Know thy neighbor - and his bank account

  • 2002-09-05
  • Paal Aarsaether

Finland celebrated the news last week that it was named the least corrupt country in the world for the third year in a row, a phenomenon experts attribute to a transparent and open society.

"Apart from an ongoing case in Helsinki, I can't remember the last corruption case we had. They are not very frequent," Robin Lardot, deputy chief of the National Bureau of Investigation which handles corruption cases, told AFP.

Lardot was referring to a possible corruption scandal currently being heard by a Helsinki court, in which a Norwegian firm allegedly paid off high-ranking civil servants with free credit card usage and exotic trips in return for cheap deals leasing the Finnish state's multi purpose ice breakers.

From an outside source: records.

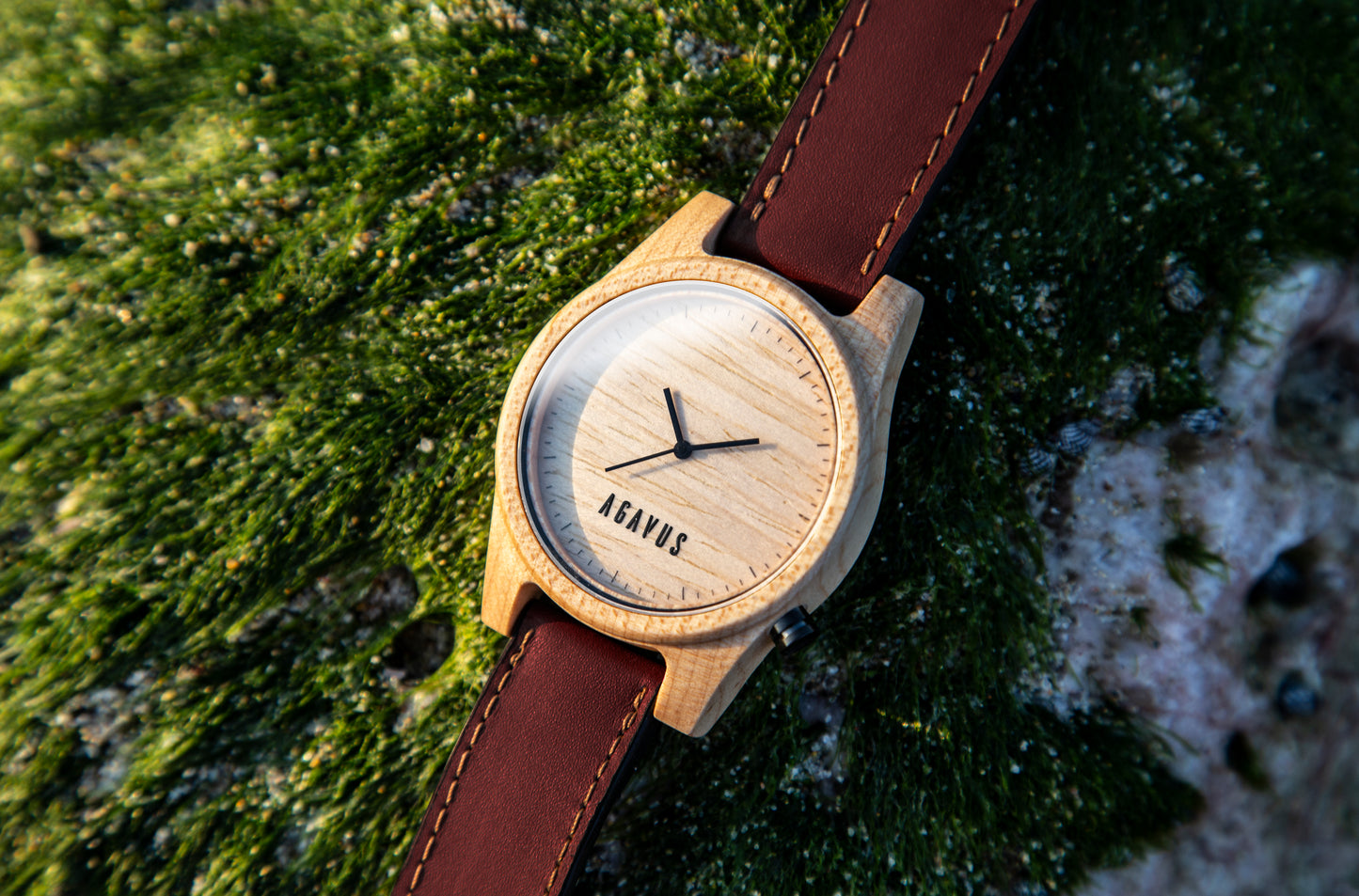 Agavia Line 44mm - Maple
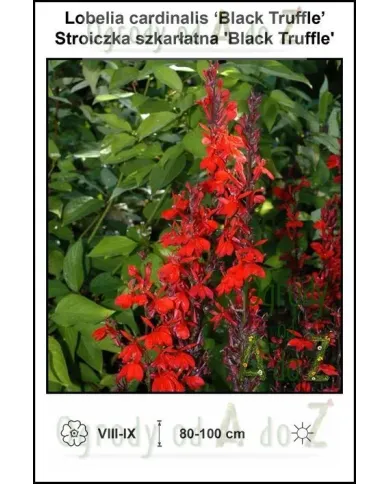 Lobelia-cardinalis-Black-Truffle.jpg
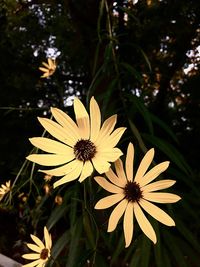 Close-up of yellow flowers blooming outdoors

Other than that, the last time anyone can remember serious corruption allegations here was 30 years ago when the Helsinki metro was built.

"Of course, when we investigate a case involving the public sector, we do include bribing as a possible motive, but this very rarely turns out to be the case," Lardot said.

That seems to be the impression in international business circles here as well.

"Corruption itself is quite unknown in Finland, because society here is so open. If you did such things, people would recognize it instantly," said Timo Vuori, director general of the International Chamber of Commerce in Finland.

Not only is it impossible to open anonymous bank accounts, but tax authorities can also access information on all accounts in the country, said Pasi Horsmanheimo, an auditor in Helsinki.

In addition, tax lists of each Finn's income and assets are published annually - including those of government ministers - providing a field day for national and local media which print extensive articles on the fortunes of the rich and famous.

As a result, Horsmanheimo pointed out, it would be quite impossible for someone to buy a fancy new car without the neighbors knowing where the money came from.

Transparency International agreed this was one of the key factors.

"I think it is a combination of an open society, which is very transparent in many of its dealings, as well as a long tradition of autonomy, self-reliance and strong local governments," said Fredrik Galtung, head of research at Transparency International.

But he quickly added that nobody really could tell why Finland and Finns were so uncorrupt.

"If we knew that, we would have marketed the Finnish model quite effectively around the world," he said.